__Task requirements__: Given the entries that follow, write out exactly the lines starting at the one containing "駿河屋 -<中古>不備有)アルジャーノンに花束を DVD-BOX(状態:本編+" and ending at the one containing "Valet. screenshot 3", both ends included, and only those.

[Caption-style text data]
= Beginning of Section =

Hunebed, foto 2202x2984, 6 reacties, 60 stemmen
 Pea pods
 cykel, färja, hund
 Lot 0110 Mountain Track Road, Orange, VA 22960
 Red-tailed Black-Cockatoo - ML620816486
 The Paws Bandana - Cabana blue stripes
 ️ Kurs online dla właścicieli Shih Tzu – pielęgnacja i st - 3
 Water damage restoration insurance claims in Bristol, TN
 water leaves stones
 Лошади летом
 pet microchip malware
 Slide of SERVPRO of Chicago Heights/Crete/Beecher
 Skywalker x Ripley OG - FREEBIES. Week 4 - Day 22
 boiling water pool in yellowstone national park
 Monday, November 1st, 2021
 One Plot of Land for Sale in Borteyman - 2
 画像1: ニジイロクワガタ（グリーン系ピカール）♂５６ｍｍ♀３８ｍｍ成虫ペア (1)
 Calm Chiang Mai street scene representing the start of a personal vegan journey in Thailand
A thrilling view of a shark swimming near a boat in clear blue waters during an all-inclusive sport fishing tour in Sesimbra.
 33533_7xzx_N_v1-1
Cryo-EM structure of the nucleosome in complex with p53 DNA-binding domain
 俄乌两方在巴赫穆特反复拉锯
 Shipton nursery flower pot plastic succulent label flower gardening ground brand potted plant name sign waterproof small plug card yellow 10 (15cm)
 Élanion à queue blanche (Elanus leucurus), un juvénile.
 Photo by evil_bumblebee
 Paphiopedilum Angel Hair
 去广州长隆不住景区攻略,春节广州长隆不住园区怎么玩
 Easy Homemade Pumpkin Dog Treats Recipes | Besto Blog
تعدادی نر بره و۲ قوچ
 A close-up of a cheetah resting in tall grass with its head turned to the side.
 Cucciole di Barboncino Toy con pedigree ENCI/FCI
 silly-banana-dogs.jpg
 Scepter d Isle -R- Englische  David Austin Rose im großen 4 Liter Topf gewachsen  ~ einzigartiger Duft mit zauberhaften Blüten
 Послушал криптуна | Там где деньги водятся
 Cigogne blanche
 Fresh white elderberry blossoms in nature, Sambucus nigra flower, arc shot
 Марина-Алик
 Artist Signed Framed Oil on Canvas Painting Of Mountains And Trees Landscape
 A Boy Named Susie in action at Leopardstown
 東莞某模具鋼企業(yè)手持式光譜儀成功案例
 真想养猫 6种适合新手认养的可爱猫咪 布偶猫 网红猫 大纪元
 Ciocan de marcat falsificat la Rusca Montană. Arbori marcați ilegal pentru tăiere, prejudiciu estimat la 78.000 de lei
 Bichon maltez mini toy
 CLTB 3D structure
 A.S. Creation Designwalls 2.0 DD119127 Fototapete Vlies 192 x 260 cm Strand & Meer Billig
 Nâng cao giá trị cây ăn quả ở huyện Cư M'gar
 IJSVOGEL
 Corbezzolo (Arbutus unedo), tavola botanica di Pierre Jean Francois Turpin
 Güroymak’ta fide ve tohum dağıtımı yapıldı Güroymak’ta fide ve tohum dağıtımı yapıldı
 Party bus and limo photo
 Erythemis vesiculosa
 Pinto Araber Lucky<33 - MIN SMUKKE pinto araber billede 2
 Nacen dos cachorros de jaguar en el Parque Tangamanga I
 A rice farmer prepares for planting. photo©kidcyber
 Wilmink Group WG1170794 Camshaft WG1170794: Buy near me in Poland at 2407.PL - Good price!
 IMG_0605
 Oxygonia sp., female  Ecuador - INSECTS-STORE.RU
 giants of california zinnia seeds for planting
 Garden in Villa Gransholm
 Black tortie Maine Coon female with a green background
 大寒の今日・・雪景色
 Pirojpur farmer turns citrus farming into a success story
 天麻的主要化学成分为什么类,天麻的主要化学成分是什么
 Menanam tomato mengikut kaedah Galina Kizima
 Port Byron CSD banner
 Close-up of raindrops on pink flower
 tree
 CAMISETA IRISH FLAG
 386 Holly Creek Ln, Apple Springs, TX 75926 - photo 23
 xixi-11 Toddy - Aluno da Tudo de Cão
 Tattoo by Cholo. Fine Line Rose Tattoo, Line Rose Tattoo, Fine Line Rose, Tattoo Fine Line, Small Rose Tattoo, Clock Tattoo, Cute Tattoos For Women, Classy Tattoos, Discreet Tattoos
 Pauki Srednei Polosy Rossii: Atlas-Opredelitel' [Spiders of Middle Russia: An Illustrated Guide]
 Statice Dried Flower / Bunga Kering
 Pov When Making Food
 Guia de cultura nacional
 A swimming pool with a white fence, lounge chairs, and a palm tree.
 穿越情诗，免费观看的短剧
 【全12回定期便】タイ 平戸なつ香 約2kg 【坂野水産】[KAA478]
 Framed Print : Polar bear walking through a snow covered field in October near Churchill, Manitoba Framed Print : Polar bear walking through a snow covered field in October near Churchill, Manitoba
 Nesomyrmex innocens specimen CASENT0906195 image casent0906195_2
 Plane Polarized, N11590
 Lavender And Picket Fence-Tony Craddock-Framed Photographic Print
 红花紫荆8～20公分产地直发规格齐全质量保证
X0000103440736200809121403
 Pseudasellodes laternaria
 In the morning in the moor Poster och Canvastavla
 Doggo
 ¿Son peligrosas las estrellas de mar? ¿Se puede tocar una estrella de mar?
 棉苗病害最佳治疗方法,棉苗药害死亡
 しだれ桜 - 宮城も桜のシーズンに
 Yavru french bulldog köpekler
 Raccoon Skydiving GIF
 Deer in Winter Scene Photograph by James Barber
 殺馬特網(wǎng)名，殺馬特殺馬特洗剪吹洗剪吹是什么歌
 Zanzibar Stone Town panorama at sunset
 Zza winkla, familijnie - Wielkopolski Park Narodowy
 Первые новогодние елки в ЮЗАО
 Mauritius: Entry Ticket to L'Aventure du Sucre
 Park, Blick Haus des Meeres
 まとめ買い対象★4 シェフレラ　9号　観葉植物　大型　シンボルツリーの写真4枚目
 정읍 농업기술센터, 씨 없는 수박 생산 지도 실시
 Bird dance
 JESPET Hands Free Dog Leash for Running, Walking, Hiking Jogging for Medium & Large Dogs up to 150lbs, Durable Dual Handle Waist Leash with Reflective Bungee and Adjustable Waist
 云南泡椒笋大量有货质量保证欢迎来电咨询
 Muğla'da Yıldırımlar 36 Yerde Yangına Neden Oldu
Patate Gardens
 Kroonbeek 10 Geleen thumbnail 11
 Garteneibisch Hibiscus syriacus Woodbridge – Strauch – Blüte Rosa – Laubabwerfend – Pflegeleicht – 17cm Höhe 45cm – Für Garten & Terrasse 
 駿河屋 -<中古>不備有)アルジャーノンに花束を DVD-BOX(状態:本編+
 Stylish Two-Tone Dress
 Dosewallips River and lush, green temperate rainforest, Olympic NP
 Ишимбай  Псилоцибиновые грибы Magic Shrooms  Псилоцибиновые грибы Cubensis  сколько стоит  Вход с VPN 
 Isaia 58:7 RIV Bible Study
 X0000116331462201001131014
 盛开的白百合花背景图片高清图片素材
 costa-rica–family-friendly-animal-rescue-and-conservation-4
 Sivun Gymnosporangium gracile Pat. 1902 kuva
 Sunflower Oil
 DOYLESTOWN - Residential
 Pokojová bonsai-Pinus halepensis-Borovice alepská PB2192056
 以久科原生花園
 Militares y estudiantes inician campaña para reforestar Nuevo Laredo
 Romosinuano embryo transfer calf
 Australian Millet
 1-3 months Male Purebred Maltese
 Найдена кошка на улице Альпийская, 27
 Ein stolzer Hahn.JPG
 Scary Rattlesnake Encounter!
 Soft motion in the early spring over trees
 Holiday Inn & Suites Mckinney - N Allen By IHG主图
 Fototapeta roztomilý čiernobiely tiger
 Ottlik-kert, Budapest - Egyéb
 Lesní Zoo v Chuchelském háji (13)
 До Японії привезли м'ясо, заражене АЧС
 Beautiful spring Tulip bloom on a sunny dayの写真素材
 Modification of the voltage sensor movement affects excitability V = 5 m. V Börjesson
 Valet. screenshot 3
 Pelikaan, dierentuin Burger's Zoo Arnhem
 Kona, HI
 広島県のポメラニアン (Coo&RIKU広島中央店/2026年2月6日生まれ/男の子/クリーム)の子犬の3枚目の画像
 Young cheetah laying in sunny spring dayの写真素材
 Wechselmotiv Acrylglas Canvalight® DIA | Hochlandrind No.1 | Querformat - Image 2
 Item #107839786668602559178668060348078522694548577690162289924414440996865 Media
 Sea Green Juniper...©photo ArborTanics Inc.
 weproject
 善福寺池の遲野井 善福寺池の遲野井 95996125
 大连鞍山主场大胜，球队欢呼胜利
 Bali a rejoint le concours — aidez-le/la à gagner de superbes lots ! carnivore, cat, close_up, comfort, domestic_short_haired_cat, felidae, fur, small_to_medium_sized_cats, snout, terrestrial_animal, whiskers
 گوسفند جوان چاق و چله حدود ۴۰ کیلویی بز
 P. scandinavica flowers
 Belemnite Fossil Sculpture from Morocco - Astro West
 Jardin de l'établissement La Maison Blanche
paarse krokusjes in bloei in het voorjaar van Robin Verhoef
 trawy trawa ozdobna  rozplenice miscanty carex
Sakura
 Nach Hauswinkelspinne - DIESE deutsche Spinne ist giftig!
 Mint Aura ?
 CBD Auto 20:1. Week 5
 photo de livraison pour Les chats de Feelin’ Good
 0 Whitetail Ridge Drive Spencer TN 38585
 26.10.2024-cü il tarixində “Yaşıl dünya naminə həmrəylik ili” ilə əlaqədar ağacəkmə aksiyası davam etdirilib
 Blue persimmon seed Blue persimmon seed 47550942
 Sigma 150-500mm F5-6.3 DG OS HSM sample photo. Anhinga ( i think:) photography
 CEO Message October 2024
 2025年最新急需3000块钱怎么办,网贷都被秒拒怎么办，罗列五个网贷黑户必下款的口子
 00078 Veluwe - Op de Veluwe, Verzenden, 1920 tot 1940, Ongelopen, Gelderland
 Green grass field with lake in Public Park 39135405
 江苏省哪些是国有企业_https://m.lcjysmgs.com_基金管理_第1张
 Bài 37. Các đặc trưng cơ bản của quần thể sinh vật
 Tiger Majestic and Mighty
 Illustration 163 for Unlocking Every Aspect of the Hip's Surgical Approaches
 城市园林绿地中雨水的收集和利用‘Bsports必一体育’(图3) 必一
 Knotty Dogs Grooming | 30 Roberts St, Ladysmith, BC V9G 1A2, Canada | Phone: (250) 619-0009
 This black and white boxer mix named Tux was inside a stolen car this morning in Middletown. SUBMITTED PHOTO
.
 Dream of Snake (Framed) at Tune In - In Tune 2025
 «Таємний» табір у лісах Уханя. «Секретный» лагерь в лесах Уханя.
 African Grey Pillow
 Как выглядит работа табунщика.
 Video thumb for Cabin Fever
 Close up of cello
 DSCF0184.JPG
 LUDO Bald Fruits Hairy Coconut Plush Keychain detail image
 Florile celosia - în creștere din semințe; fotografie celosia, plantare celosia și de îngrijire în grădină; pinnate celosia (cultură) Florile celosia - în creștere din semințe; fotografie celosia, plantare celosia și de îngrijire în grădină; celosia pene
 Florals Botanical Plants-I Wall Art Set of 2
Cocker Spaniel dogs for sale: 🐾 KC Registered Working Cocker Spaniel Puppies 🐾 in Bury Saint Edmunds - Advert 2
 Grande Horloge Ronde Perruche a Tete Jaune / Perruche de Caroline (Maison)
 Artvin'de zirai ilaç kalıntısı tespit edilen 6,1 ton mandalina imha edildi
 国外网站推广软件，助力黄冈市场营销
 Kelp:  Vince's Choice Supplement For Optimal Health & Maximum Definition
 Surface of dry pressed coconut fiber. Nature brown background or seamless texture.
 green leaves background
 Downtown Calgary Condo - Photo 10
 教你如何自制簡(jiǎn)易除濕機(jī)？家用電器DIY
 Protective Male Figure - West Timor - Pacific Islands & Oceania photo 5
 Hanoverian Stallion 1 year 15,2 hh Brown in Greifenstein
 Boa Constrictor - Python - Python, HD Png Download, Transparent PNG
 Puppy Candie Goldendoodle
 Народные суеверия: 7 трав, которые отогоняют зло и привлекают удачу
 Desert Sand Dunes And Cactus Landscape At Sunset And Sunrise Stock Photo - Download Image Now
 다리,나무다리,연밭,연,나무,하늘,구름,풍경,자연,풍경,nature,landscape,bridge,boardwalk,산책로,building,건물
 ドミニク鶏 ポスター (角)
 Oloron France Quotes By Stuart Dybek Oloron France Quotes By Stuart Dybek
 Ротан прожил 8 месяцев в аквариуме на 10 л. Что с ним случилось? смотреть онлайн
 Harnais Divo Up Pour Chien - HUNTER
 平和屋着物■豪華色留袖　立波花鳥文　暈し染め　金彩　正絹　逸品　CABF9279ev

= End of Section =

__Solution to the exercise__:
 駿河屋 -<中古>不備有)アルジャーノンに花束を DVD-BOX(状態:本編+
 Stylish Two-Tone Dress
 Dosewallips River and lush, green temperate rainforest, Olympic NP
 Ишимбай  Псилоцибиновые грибы Magic Shrooms  Псилоцибиновые грибы Cubensis  сколько стоит  Вход с VPN 
 Isaia 58:7 RIV Bible Study
 X0000116331462201001131014
 盛开的白百合花背景图片高清图片素材
 costa-rica–family-friendly-animal-rescue-and-conservation-4
 Sivun Gymnosporangium gracile Pat. 1902 kuva
 Sunflower Oil
 DOYLESTOWN - Residential
 Pokojová bonsai-Pinus halepensis-Borovice alepská PB2192056
 以久科原生花園
 Militares y estudiantes inician campaña para reforestar Nuevo Laredo
 Romosinuano embryo transfer calf
 Australian Millet
 1-3 months Male Purebred Maltese
 Найдена кошка на улице Альпийская, 27
 Ein stolzer Hahn.JPG
 Scary Rattlesnake Encounter!
 Soft motion in the early spring over trees
 Holiday Inn & Suites Mckinney - N Allen By IHG主图
 Fototapeta roztomilý čiernobiely tiger
 Ottlik-kert, Budapest - Egyéb
 Lesní Zoo v Chuchelském háji (13)
 До Японії привезли м'ясо, заражене АЧС
 Beautiful spring Tulip bloom on a sunny dayの写真素材
 Modification of the voltage sensor movement affects excitability V = 5 m. V Börjesson
 Valet. screenshot 3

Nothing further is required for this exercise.